Süd-Korea vor neuer Roßkur

Die Konkurs- und Entlassungswelle beginnt jetzt richtig anzulaufen. Die Verschuldung der Großkonzerne wird den Finanzsektor erneut auf die Probe stellen  ■ Von André Kunz

Tokio (taz) – Wenige Tage vor Amtsantritt des neugewählten südkoreanischen Präsidenten Kim Dae Jung blinken die Warnlichter aus dem Finanzsektor wieder rot. Die ausländischen Gläubiger blicken nicht mehr allein auf die Banken mit ihren Auslandschulden, sondern auf die riesigen Firmenkonglomerate, Chaebols genannt – und entdecken Riesenberge von bislang undeklarierten Schulden. Der Tiger in Nordostasien ist noch weit entfernt von einer Genesung.

Für ausländische Gläubiger in Europa und USA überwogen in den letzten zwei Wochen die Erfolgsmeldungen aus Süd-Korea. Anfangb des Monats wurden 24 Milliarden Dollar an kurzfristigen Krediten in mittelfristige Verpflichtungen umgeschuldet. Damit konnte der angeschlagene Bankensektor erst mal eine Verschnaufpause einlegen, nachdem im vergangenen Monat zehn unrentable Geschäftsbanken geschlossen worden waren.

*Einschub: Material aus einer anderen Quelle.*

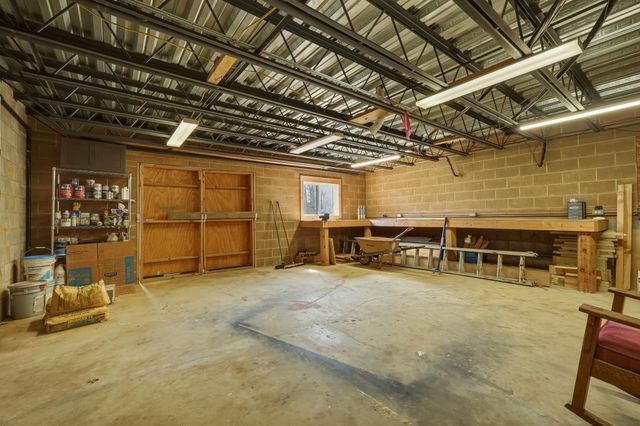 75 Valley Drive, Huntington, WV 25704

Fast gleichzeitig einigte sich der designierte Präsident Kim Dae Jung mit den einflußreichen Gewerkschaften auf ein neues Arbeitsgesetz, das den Großkonzernen Massenentlassungen erlaubt. Eine Novität in Süd-Korea, wo Angestellte in den Konzernen bislang eine lebenslange Garantie ihres Arbeitsplatzes genossen.

Damit hat Süd-Korea innerhalb von zwei Monaten die wichtigsten Bedingungen des Internationalen Währungsfonds erfüllt, um die Überweisung von 58,6 Milliarden Dollar Hilfsgelder zu garantieren. Zudem hat Präsident Kim Dae Jung vor zwei Tagen dem deutschen Finanzminister Theo Waigel die Offenlegung aller ausländischen Schulden in Banken und Konzernen versprochen. Dies sieht nach einem erfolgreichen Start zur Sanierung der zweitgrößten Wirtschaftsmacht Asiens aus.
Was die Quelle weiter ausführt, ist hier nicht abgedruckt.